In addition to being nicely written, Spineless is also easy to follow as a story (which is especially impressive given that it’s science non-fiction). The book is easy to follow because Juli Berwald frames the entire story from her perspective: an outsider to the world of jellyfish, on a journey to learn as much as she can about these mysterious animals. And she takes us (the readers) on that journey with her: we go on plane rides and road trips, take tours of aquaria and marine laboratories, learn how to prepare jellyfish as food, and even dive beneath the seas with her. It’s seriously compelling.
As a book about jellyfish, Spineless is fascinating. But the most impressive thing about the book is that it gradually shifts to tell a different story: that of our rapidly changing planet. It’s hard to write an interesting global warming book; many Americans are desensitized to the issue, even among those who agree that global warming is real and a major threat to our existence. But Berwald skillfully eases her readers into that big picture. By first getting us to care about jellyfish, Juli Berwald is able to slowly shift the story to one of how global warming is affecting jellyfish, and then – how it is affecting humanity.
To summarize, Spineless was amazing. It is intellectually stimulating (yet still accessible to readers of any background), narratively compelling, and it ultimately has an inspirational message. I was surprised at how much I loved this book.
The bake: jelly box cookies.
To celebrate reading Spineless, I wanted to bake something that incorporated jelly. When I was thinking about jelly desserts, hamantaschen (triangle shaped cookies with a sweet filling in the center) immediately came to mind.
For the hamantaschen dough, I followed this recipe by Tori Avey and added store-bought raspberry jelly. I found the dough incredibly sticky, and had to add at least a quarter cup of flour before it become workable. I also changed the shape of the cookies, because the triangle shaped hamantaschen are associated with the Jewish holiday of Purim (which will not occur until late March this year). Instead of triangles, I made pinwheels and squares. I thought the squares were an especially cute idea, because Berwald frequently references a type of jellyfish called “box jellies” in her book; my square shaped cookies were jelly boxes!

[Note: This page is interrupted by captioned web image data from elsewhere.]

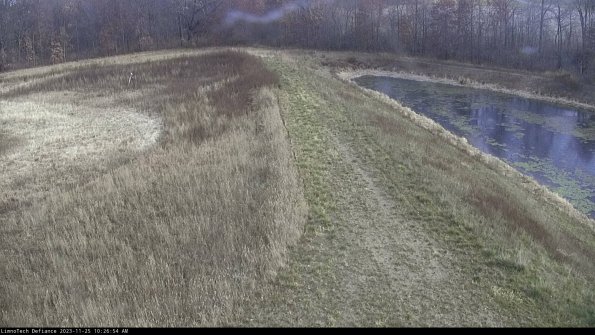 Cell 4 to Basin_23-11-25_10-26-54-78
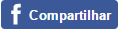 midia social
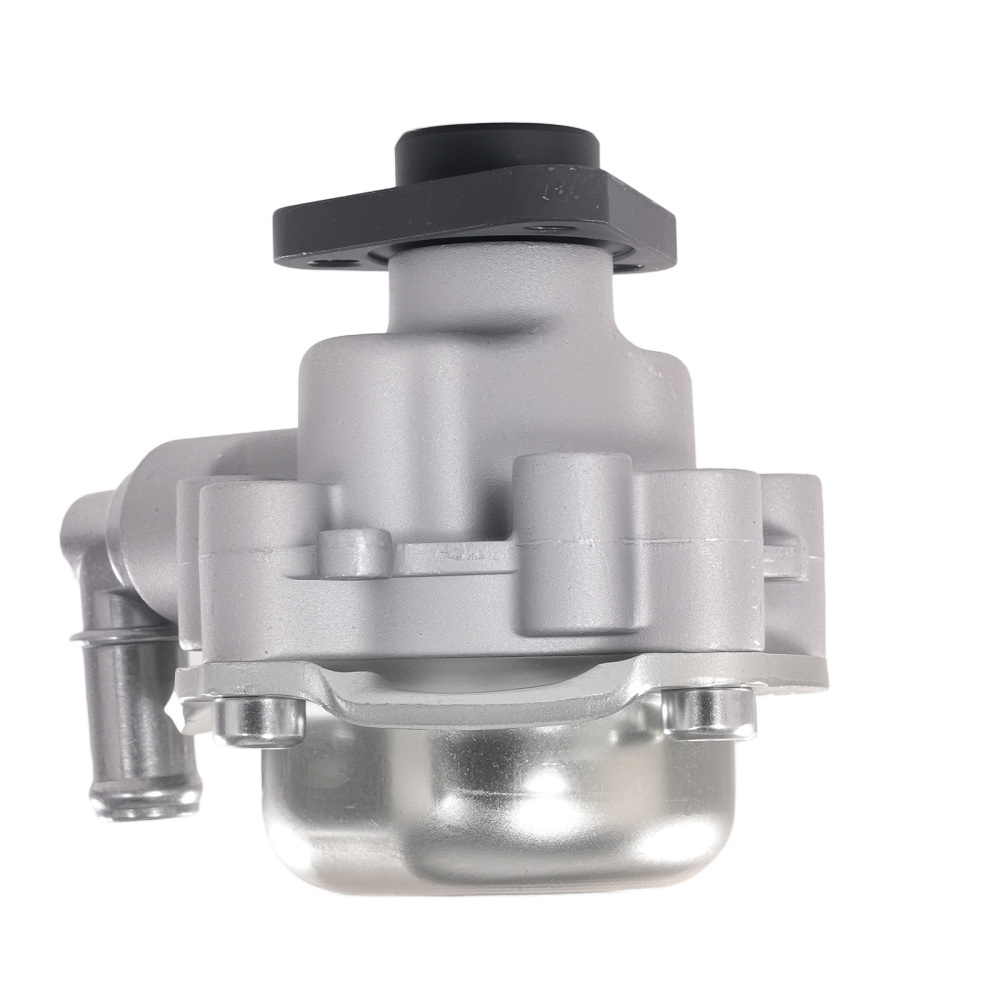 Power Steering Pump Kit compatible for BMW E46 320i 323i 325i 328Ci 328i 330i 01-2005 new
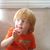 Sharron Brinsfield McDonald's profile image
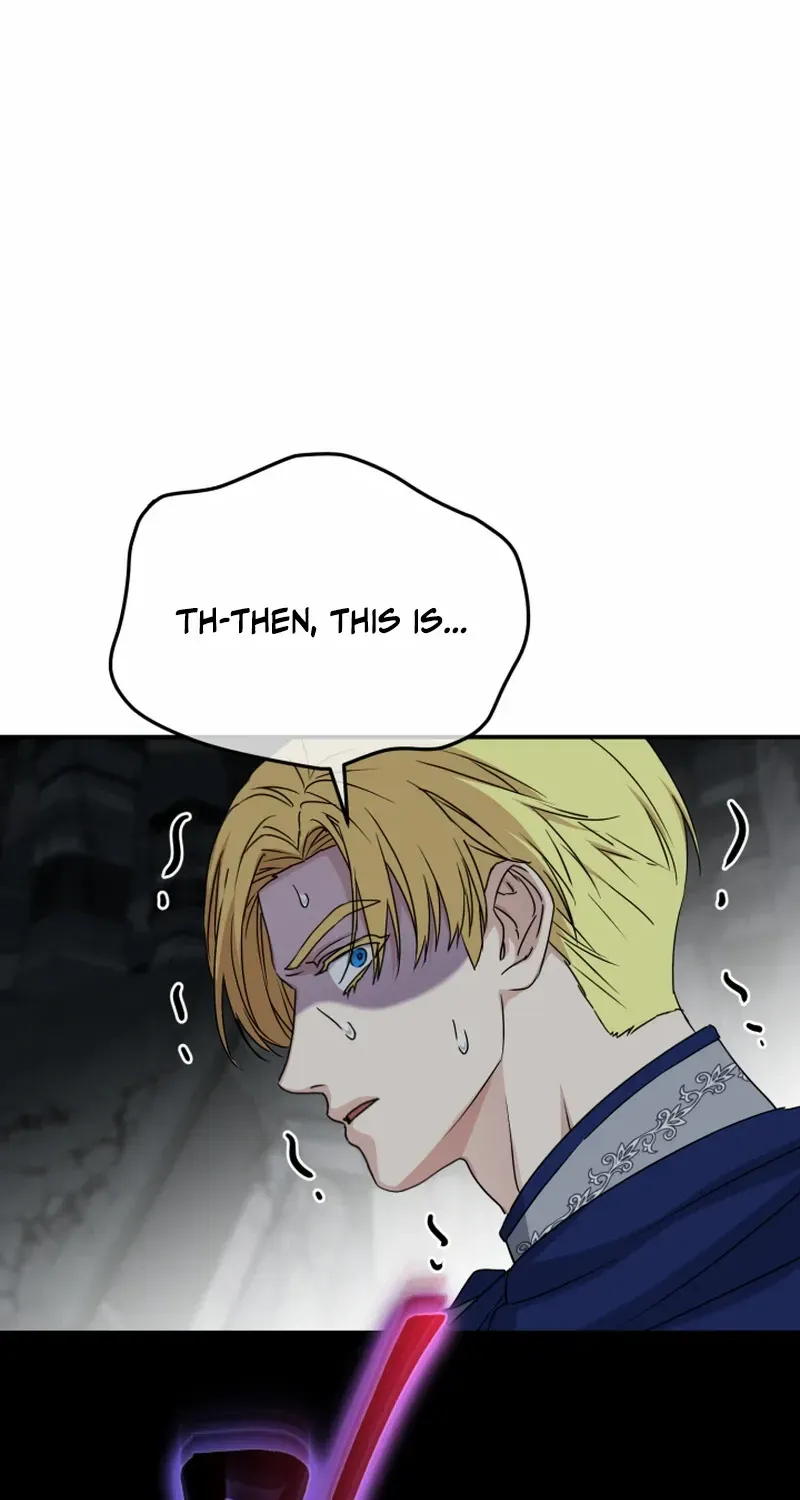 How To Survive As The Devil’s Child Chapter 66 page 31 - 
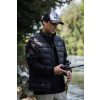 Sportex Puffy Vest Weste 2XL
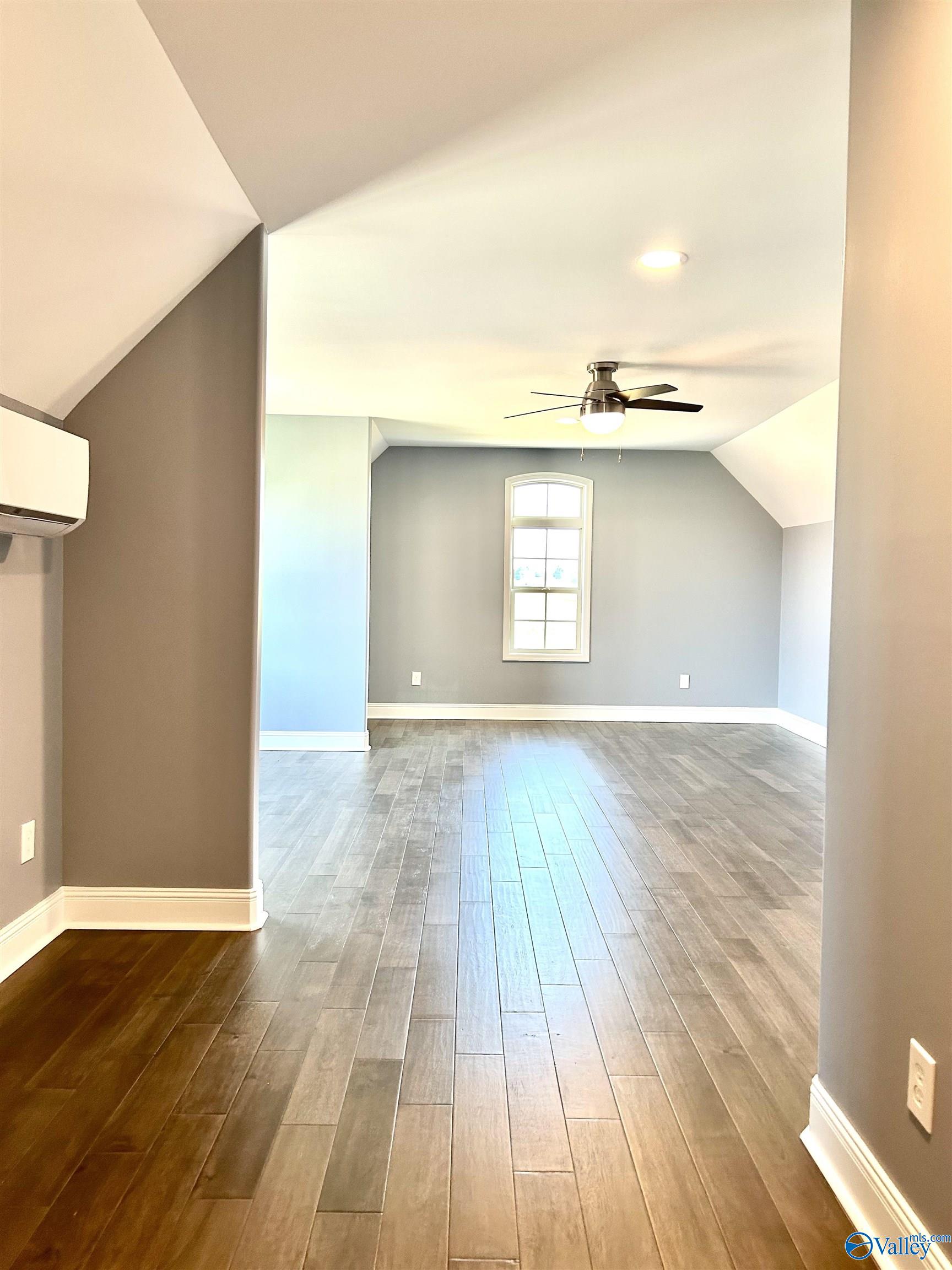 955 Sanderfer Road, Athens, Alabama image 44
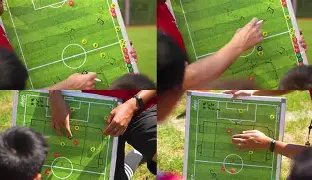 切尔西力克,查尔顿,吉乌神射制,pg286娱乐厅下载,pg286娱乐厅电子,pg286娱乐厅官网,pg286娱乐厅a超凡国际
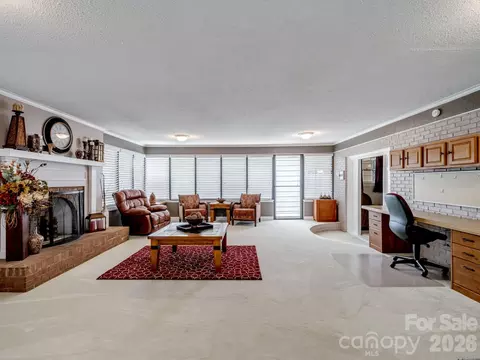 Living - 2526 Goldmine Rd, Monroe, NC 28110 photo 9 of 10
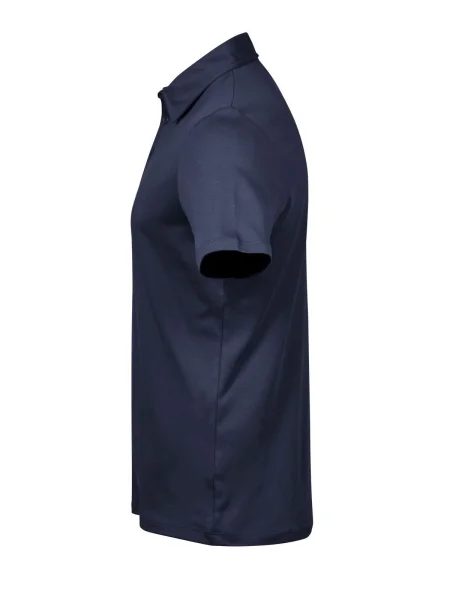 polo-slim-fit-uomo-personalizzabile-pima-220-g-m2-navy-31.webp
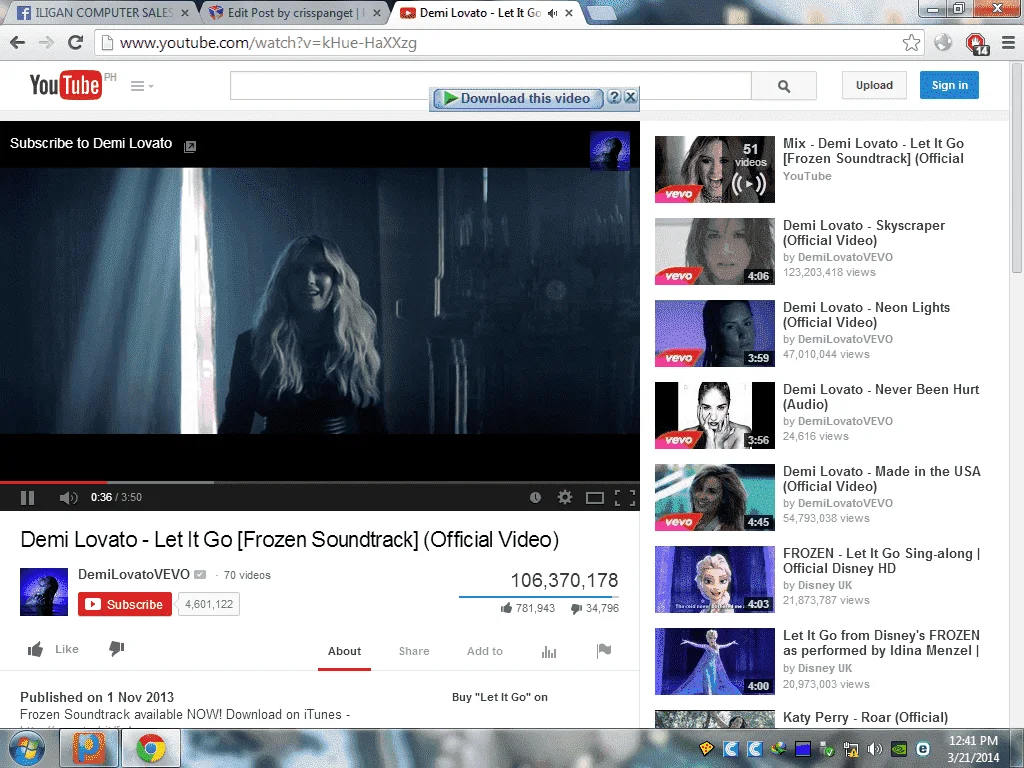 stream 2.webp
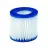 Bazin cu cadru metalic Avenli 17800EU, 9495 l, 420 x 84 cm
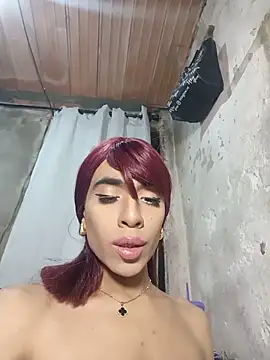 Snapshot of babyy_foxxy chatting on May 2026 09:43:01 PM babyy foxxy online show from May 2026 09:43:01 PM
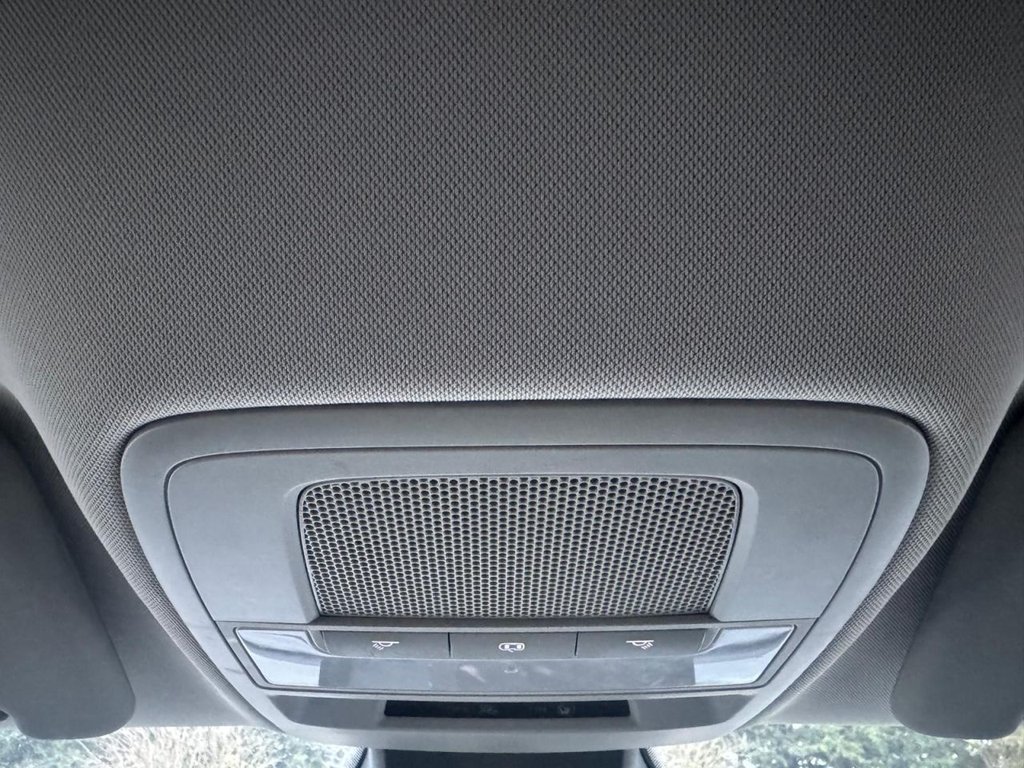 Used MG MG ZS 2023 for sale - 77383779: Photo 34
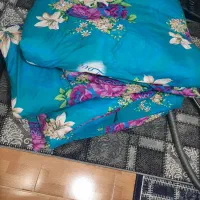 ۳عدد تشک سنتی ۱نفره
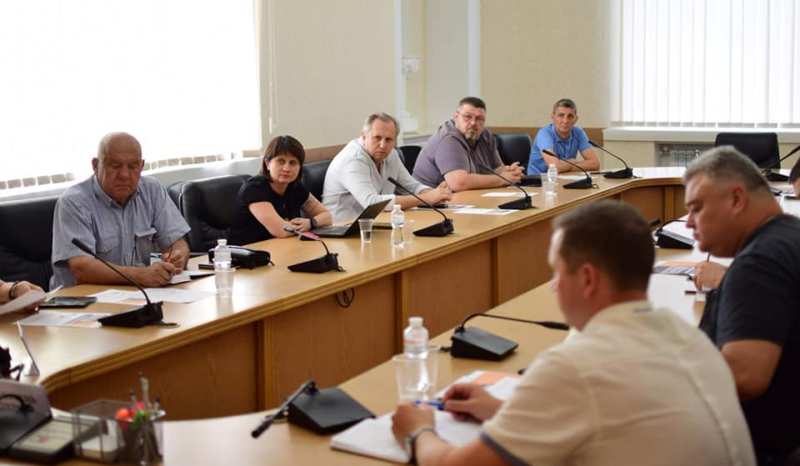 288900385_136682008976071_2737825407009991155_n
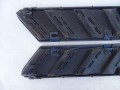 DSC00607.JPG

BUT a cute idea does not automatically translate into a good bake! From the sticky dough, to then rolling the dough evenly, to adding the right amount of jam to each cookie, to shaping the damn things – this bake was really tough. Many of the cookies ended up either: overbaked, irregularly shaped, oozing with jam, or more than one of the above. Maybe it’s because I haven’t baked in a while, or maybe this recipe is just tricky? I don’t know. Despite all of that, the cookies do taste very nice, so I’ll still count this as somewhat of a win.